### Extracted data

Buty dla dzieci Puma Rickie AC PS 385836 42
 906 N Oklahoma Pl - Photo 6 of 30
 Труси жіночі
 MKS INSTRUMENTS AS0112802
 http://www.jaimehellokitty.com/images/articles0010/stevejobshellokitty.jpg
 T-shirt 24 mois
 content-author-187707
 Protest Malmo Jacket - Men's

* * *

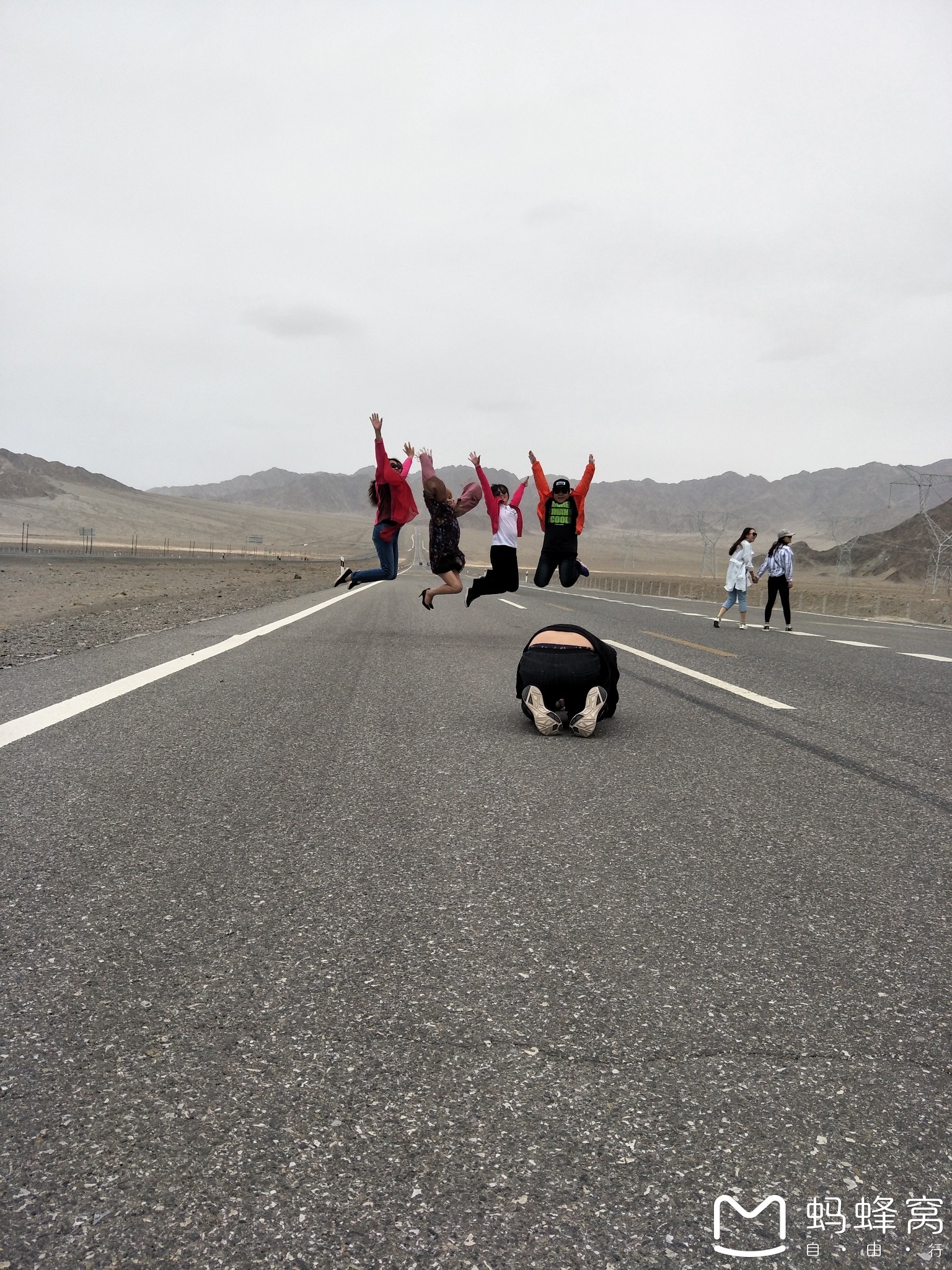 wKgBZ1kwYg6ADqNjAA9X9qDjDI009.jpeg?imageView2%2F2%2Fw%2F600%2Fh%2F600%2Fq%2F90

### What is being asked
Please copy the lines above from the line with "Труси жіночі" up to and including the line with "Protest Malmo Jacket - Men's", exactly as written and with nothing else.

### Result
 Труси жіночі
 MKS INSTRUMENTS AS0112802
 http://www.jaimehellokitty.com/images/articles0010/stevejobshellokitty.jpg
 T-shirt 24 mois
 content-author-187707
 Protest Malmo Jacket - Men's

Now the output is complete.